Exercise prompt: Please retype the listing below exactly as it stands, skipping any pictures.

Supplied material:
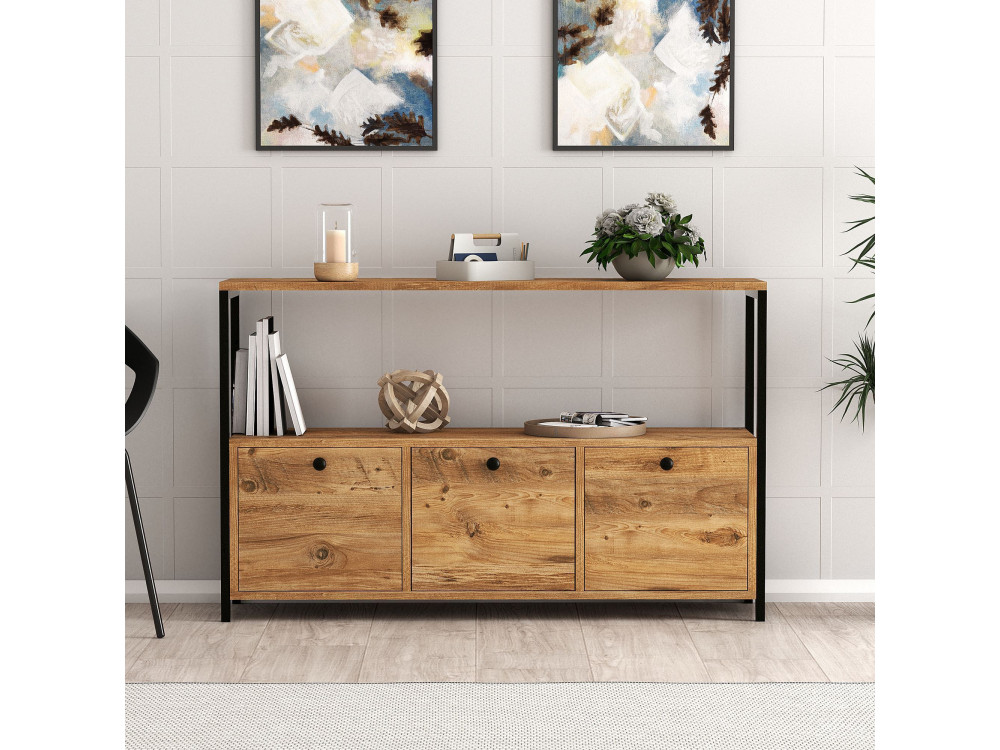 Aparador de madera "Nero" - 120 x 30 x 75 cm - Pino atlántico negro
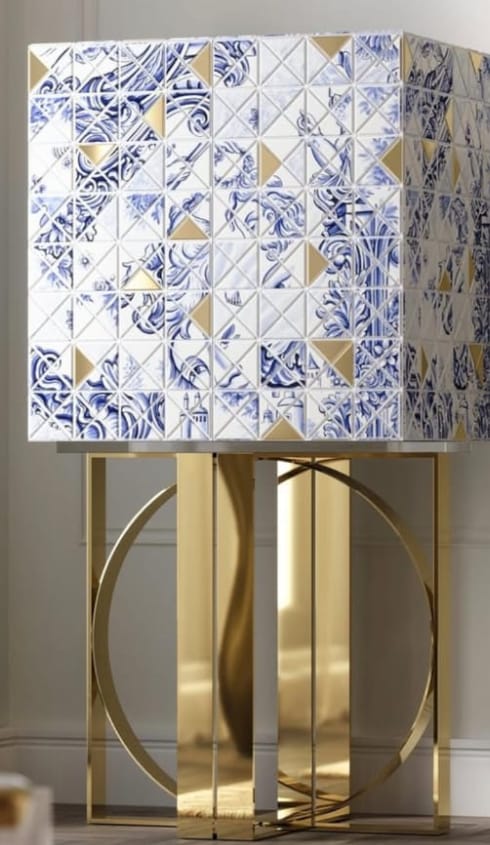 LUXURY BLUE & WHITE PATTERN CONSOLE CABINET WITH GOLD STAINLESS STEEL BASE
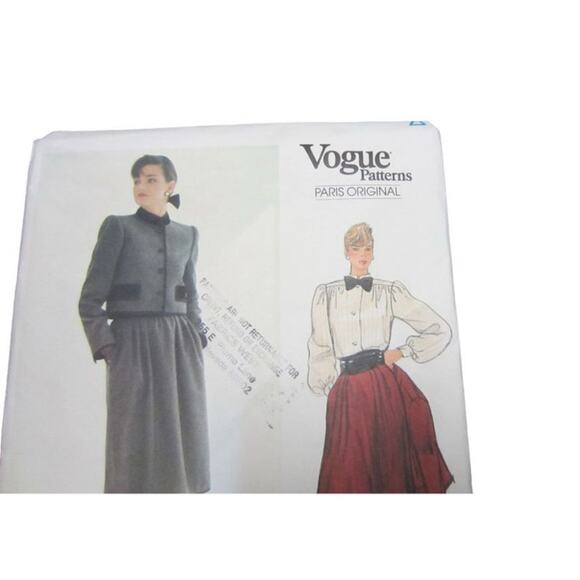 Vintage Vogue Paris Original Givenchy Sewing Pattern 1203 Jacket Skirt Blouse - Picture 2 of 5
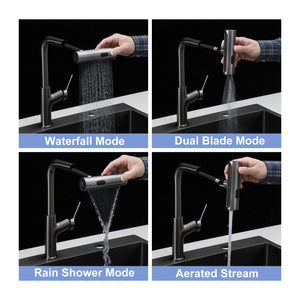 Drop-In Stainless Steel Kitchen Sink With Pull-Out Faucet And Soap Dispenser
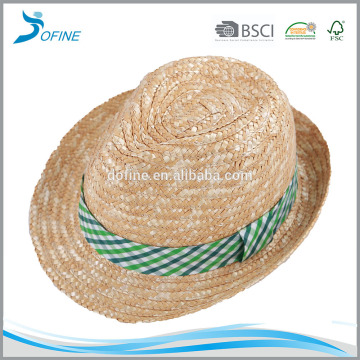 boy child natural straw fedora hat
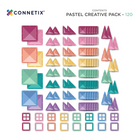 Connetix - Pastel Pack Créatif, Contenant 120 Pièces-Idée cadeau pour les garçons, les filles et les enfants de 3 ans et plus qui souhaitent commencer une collection de tuiles magnétiques ou élargir les possibilités de jeu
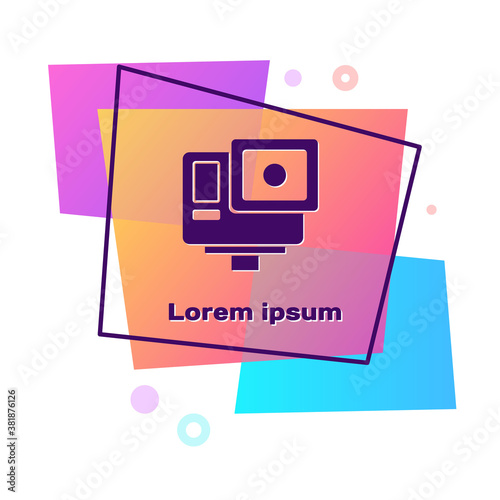 Purple Action extreme camera icon isolated on white background. Video camera equipment for filming extreme sports. Color rectangle button. Vector.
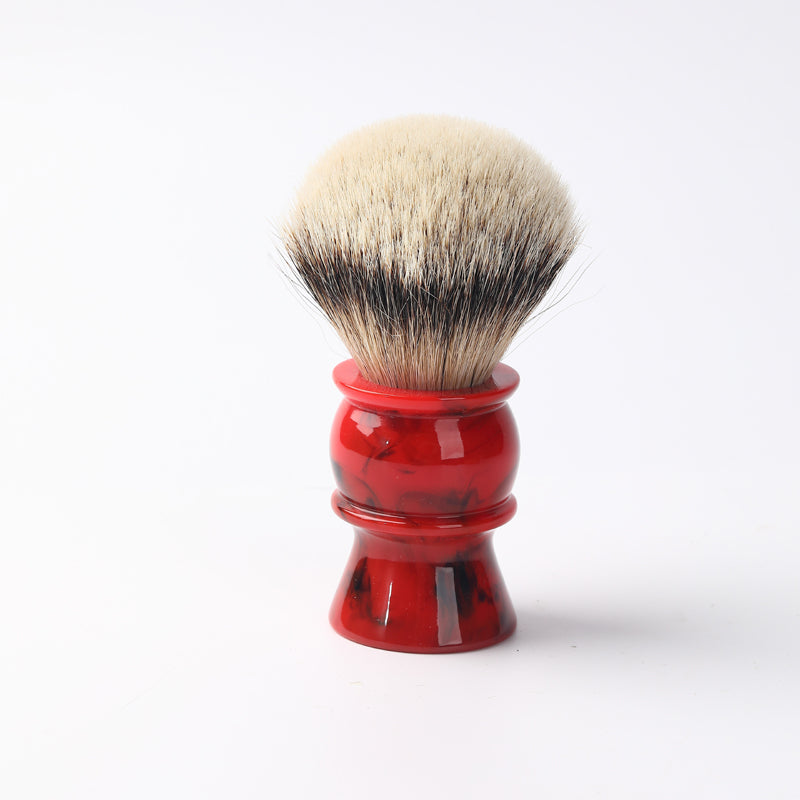 Yaqi 24MM 100% Silvertip Badger Hair Red Resin Handle Shaving Brushes for men
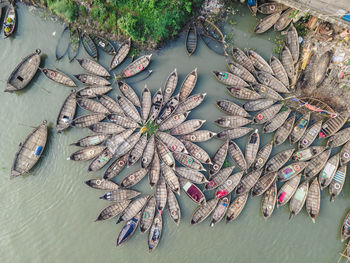 High angle view of christmas decorations on wall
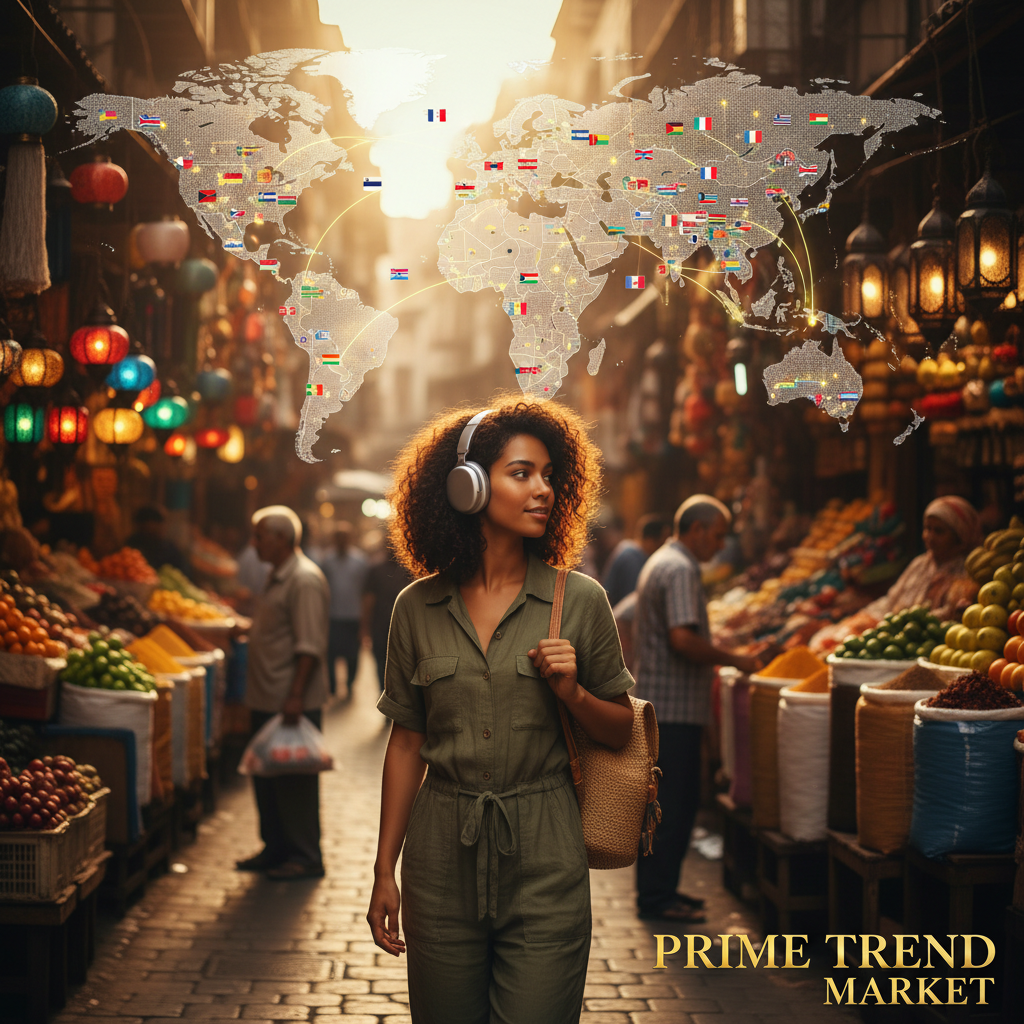 Woman traveler wearing translator earbuds at foreign market — Prime Trend Market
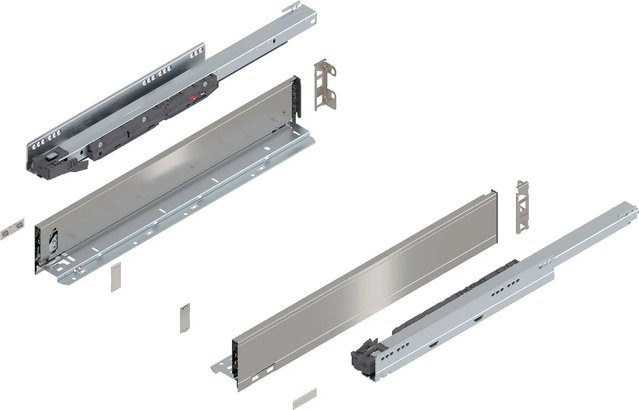 Blum Legrabox Pure Set Schubladenauszug Tip-On Vollauszug Inox Silber, 1 Paar, Tiefe: 550 mm - Bild 1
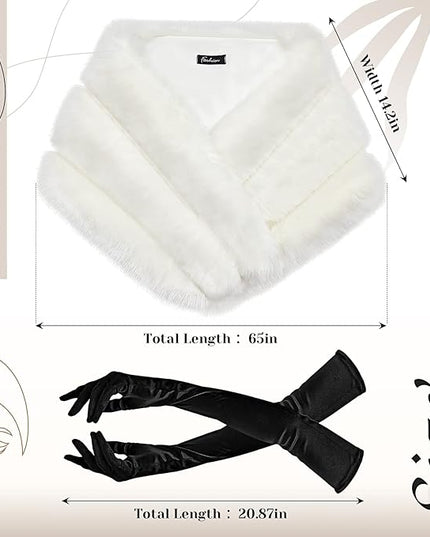 Zhanmai 2 Pcs Winter Long Shawl Cloak Stretchy Glove Opera Bridal Dance Gloves for Women Dress Party Coat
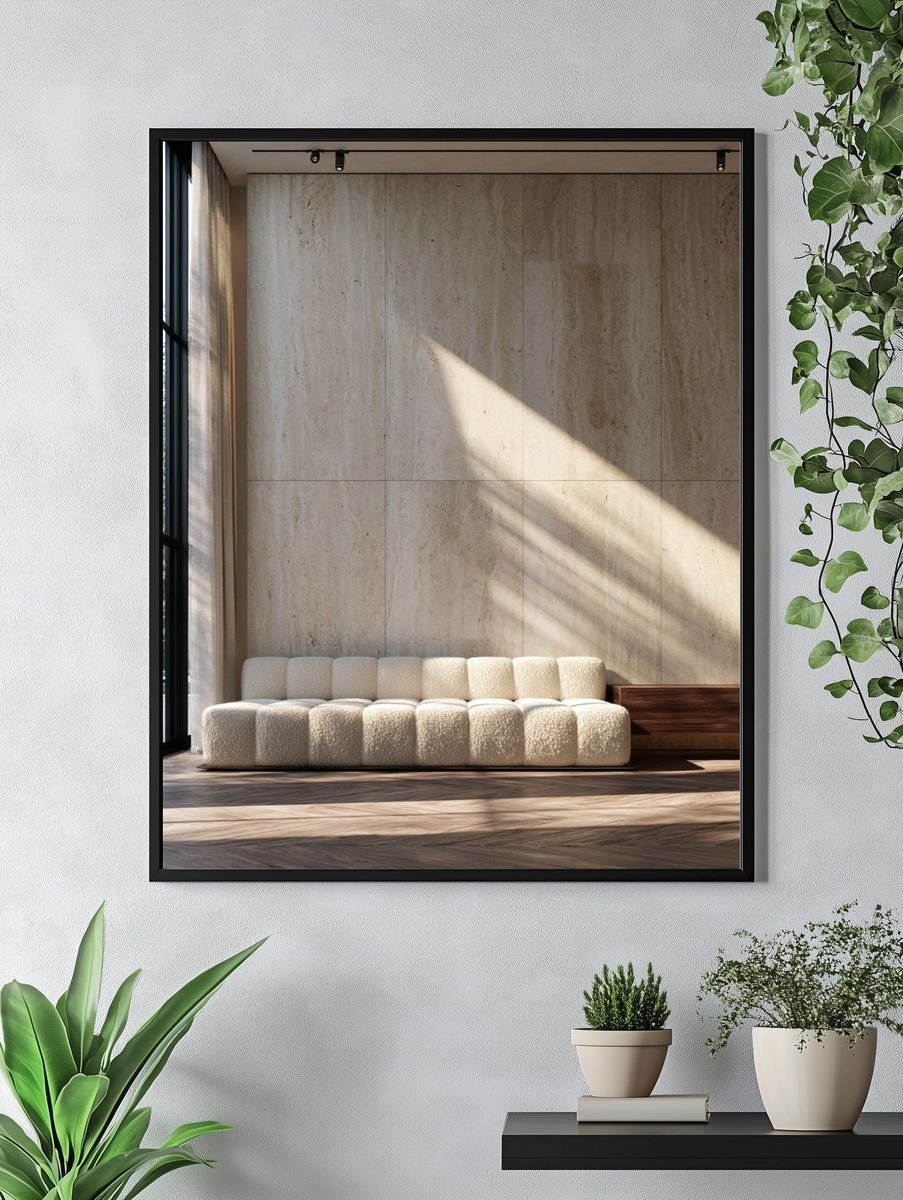 Sunlit Minimalist Interior Photography Poster. — room view 4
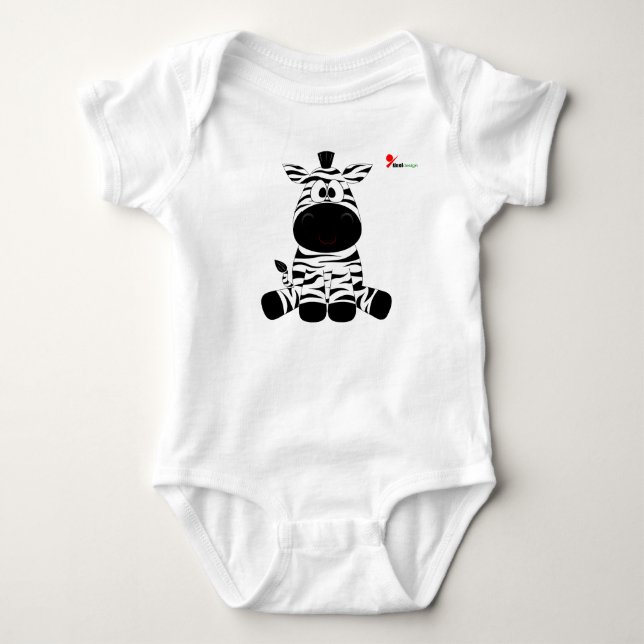  Stripy Zebra Baby Bodysuit (Front)
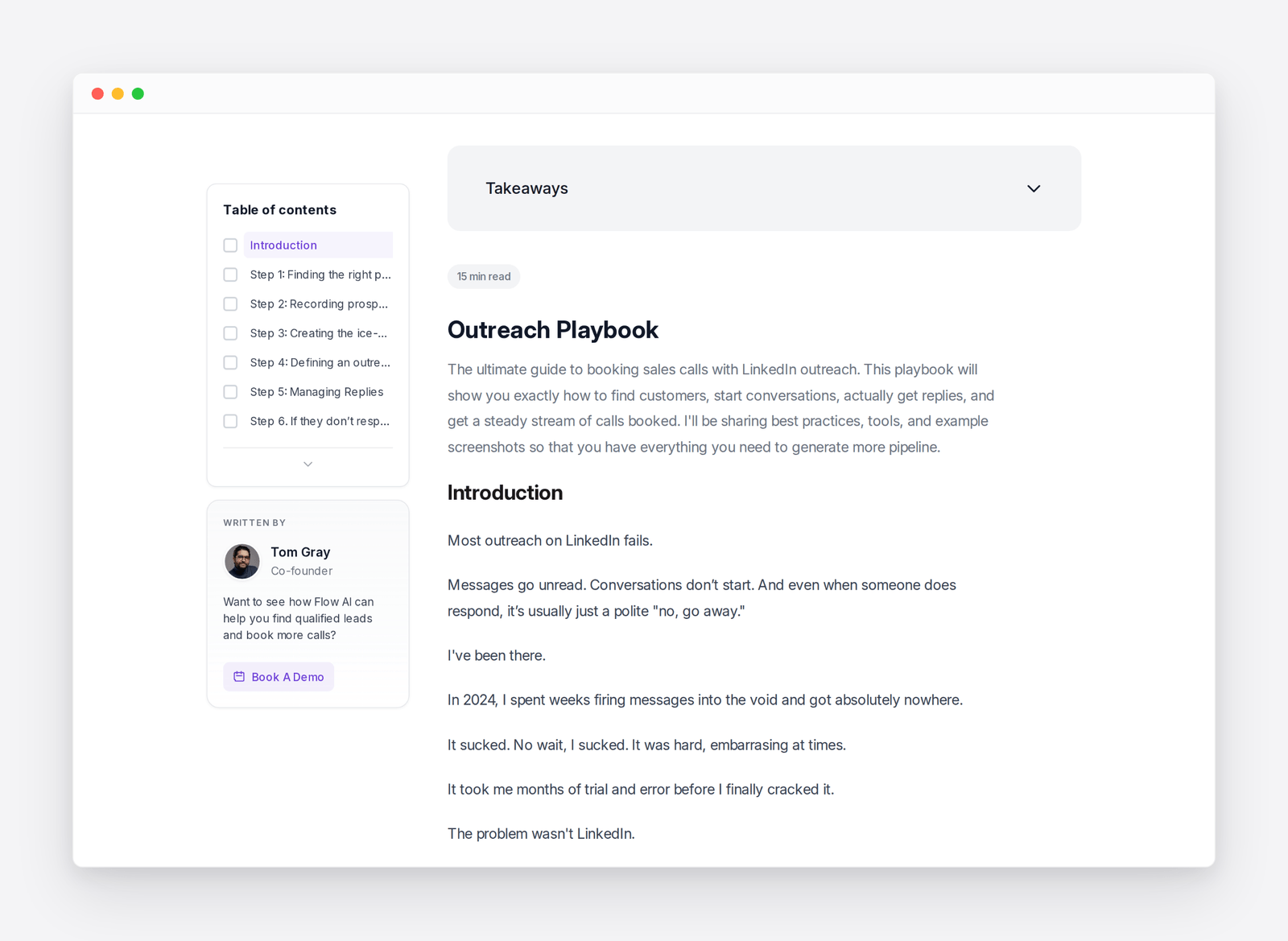 The Flow AI Outreach Playbook: a long-form guide with a table of contents and steps for booking sales calls with LinkedIn outreach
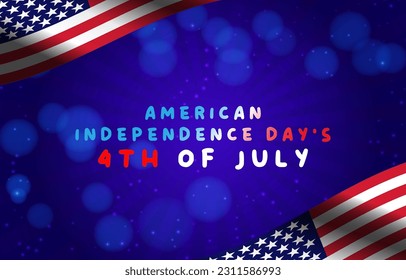 american independence day 4th of july banner with abstract gradient blue background design3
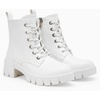 image:imageVepose Womens LaceUp Combat Ankle Boots with Chunky Platform HeelWhite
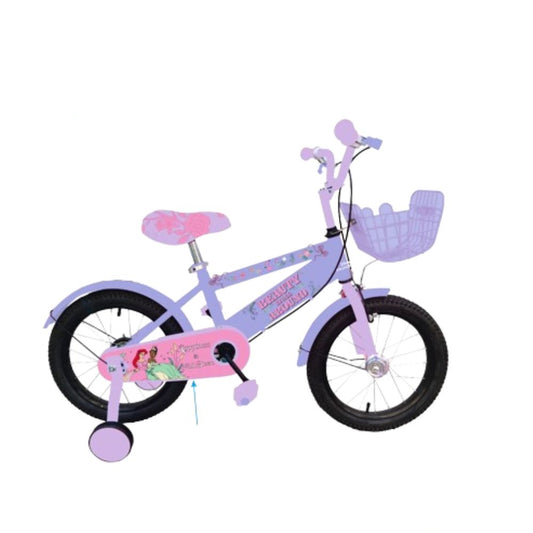Disney Princess 16-Inch Kids Bicycle with Front Basket & Training Wheels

Result for this exercise:
 Aparador de madera "Nero" - 120 x 30 x 75 cm - Pino atlántico negro
 LUXURY BLUE & WHITE PATTERN CONSOLE CABINET WITH GOLD STAINLESS STEEL BASE
 Vintage Vogue Paris Original Givenchy Sewing Pattern 1203 Jacket Skirt Blouse - Picture 2 of 5
 Drop-In Stainless Steel Kitchen Sink With Pull-Out Faucet And Soap Dispenser
 boy child natural straw fedora hat
 Connetix - Pastel Pack Créatif, Contenant 120 Pièces-Idée cadeau pour les garçons, les filles et les enfants de 3 ans et plus qui souhaitent commencer une collection de tuiles magnétiques ou élargir les possibilités de jeu
 Purple Action extreme camera icon isolated on white background. Video camera equipment for filming extreme sports. Color rectangle button. Vector.
 Yaqi 24MM 100% Silvertip Badger Hair Red Resin Handle Shaving Brushes for men
 High angle view of christmas decorations on wall
 Woman traveler wearing translator earbuds at foreign market — Prime Trend Market
 Blum Legrabox Pure Set Schubladenauszug Tip-On Vollauszug Inox Silber, 1 Paar, Tiefe: 550 mm - Bild 1
 Zhanmai 2 Pcs Winter Long Shawl Cloak Stretchy Glove Opera Bridal Dance Gloves for Women Dress Party Coat
 Sunlit Minimalist Interior Photography Poster. — room view 4
  Stripy Zebra Baby Bodysuit (Front)
 The Flow AI Outreach Playbook: a long-form guide with a table of contents and steps for booking sales calls with LinkedIn outreach
 american independence day 4th of july banner with abstract gradient blue background design3
 image:imageVepose Womens LaceUp Combat Ankle Boots with Chunky Platform HeelWhite
Disney Princess 16-Inch Kids Bicycle with Front Basket & Training Wheels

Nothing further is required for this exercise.